Question about reading really low BP's

Specialties Emergency

Published

I had a pt. the other day who'd coded, they'd gotten her back but she was unresponsive, very little brain activity (but some...). During the code they'd given dopamine wide open...then when I got there, she was on a dopamine drip @ 50mcg/kg/min (yes, 50). Still, her pressures were unreadable by our auto. BP monitors, and I couldn't hear anything when I tried to do manual pressures. The code was over, no one was in the room but me, it was quiet...is it common not to be able to hear it if the BP's really low? Or is it me?

So for her vitals, the only thing I could think of was to use the manual BP cuff & the doppler, find her pulse with the doppler, then inflate the cuff until I couldn't hear the pulse anymore, and slowly deflate it until I could hear it. I assume the point at which I could hear the pulse via the doppler would be considered her systolic BP, is that right? But then there's no diastolic since you continue to hear the pulse via the doppler as the cuff is uninflated....right? Could this method be skewed simply based on how firmly I was holding the doppler against her artery?

Also, I've just been watching the very first season of ER (never watched it before now, but since I've gotten this job in the ER, it's become fascinating to me!) and they're constantly calling out really low pressures like "60/40"...can you REALLY hear a pressure that low? Is that real? Why couldn't I hear it? I tried several times, couldn't hear a thing. & I tried both arms, many times, with the auto. BP monitor, it couldn't detect it.

Oh, one more question...what does "palp" mean, when they say "pressure's 50 palp"...
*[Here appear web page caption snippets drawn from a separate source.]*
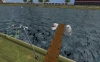 Jax_GRAB_024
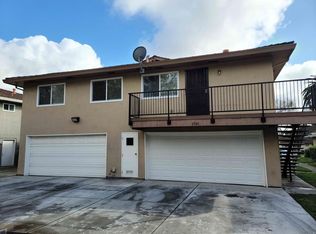 2509 Dillion Ct, San Jose, CA 95133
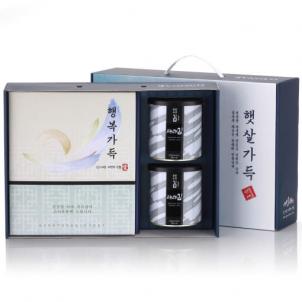 상품썸네일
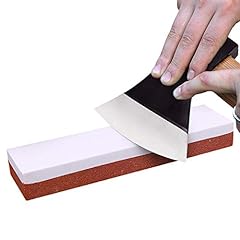 Synra whetstone sharpening for sale  Delivered anywhere in USA 
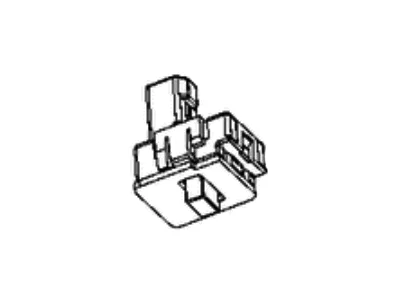 moparpartsgiant7-4146818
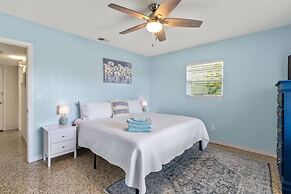 Pool Hottub Golf Cart Included Close to Beach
And finally, before anyone wonders why I was the only one there with her pressure that low...she was DNR. They didn't know that before the ran the code, of course...

Thanks!

VS

Specializes in ICUs, Tele, etc..

The OP specified that the code was called and the patient was revived, though 50mcg/kg/min of dopa was used. Then during the code or after the first code they found out the patient is a DNR.

Specializes in ICU.
The OP specified that the code was called and the patient was revived, though 50mcg/kg/min of dopa was used. Then during the code or after the first code they found out the patient is a DNR.

I think that you misunderstood me. Where I work when we are coding (or here we call it Dr. Leo) a patient and it is obvious that the person is not going to make it or there will not be much left despite our best efforts we "call the code" or in other words quit trying to revive the patient. I understand that they coded the patient I just don't understand why the ER doc felt the need to continue to flog this patient when it was taking 50mcg of Dopa to keep any pressure at all. Who even goes that high with their Dopa drips? Max rate is 20mcg/kg/min for ICU maintenance rate. Was no one concerned with toxicity?

Specializes in ICUs, Tele, etc..

Hello yes I believe I misunderstood what you said, but if you look at the original OP she said that they were giving dopamine wide open. And my original response to this on the first page shows my opinion on why this practice should not be done. I think that they were able to get a pulse and pressure back, but was not able to do anything further because the DNR status was confirmed. Was it a succesful code? in part yes because the pt regained her pulse and pressure even if it is that low after that specified code(we're just talking about this particular code). Now was it an efficient code? NO we all know it wasn't. But changing drips at that time is not possible anymore because of the DNR status. The dopamine at 50mcg/kg/min was most likely started when they got the pulse and pressure back but before they found out what the DNR status is. :)

Specializes in ICU.
Hello yes I believe I misunderstood what you said, but if you look at the original OP she said that they were giving dopamine wide open. And my original response to this on the first page shows my opinion on why this practice should not be done. I think that they were able to get a pulse and pressure back, but was not able to do anything further because the DNR status was confirmed. Was it a succesful code? in part yes because the pt regained her pulse and pressure even if it is that low after that specified code(we're just talking about this particular code). Now was it an efficient code? NO we all know it wasn't. But changing drips at that time is not possible anymore because of the DNR status. The dopamine at 50mcg/kg/min was most likely started when they got the pulse and pressure back but before they found out what the DNR status is. :)

I am not trying to start an argument here but my post has nothing to do with them running the Dopa wide open or changing drips or anything other than why did this ER doc feel the need to continue to flog this poor person whether they where a DNR or not. When you have to run the Dopa wide open and then run it at doses well above the maximum dose to maintain the pulse/pressure it is time to call it quits. We sometime push it to the max during codes but I think that this was way beyond excessive.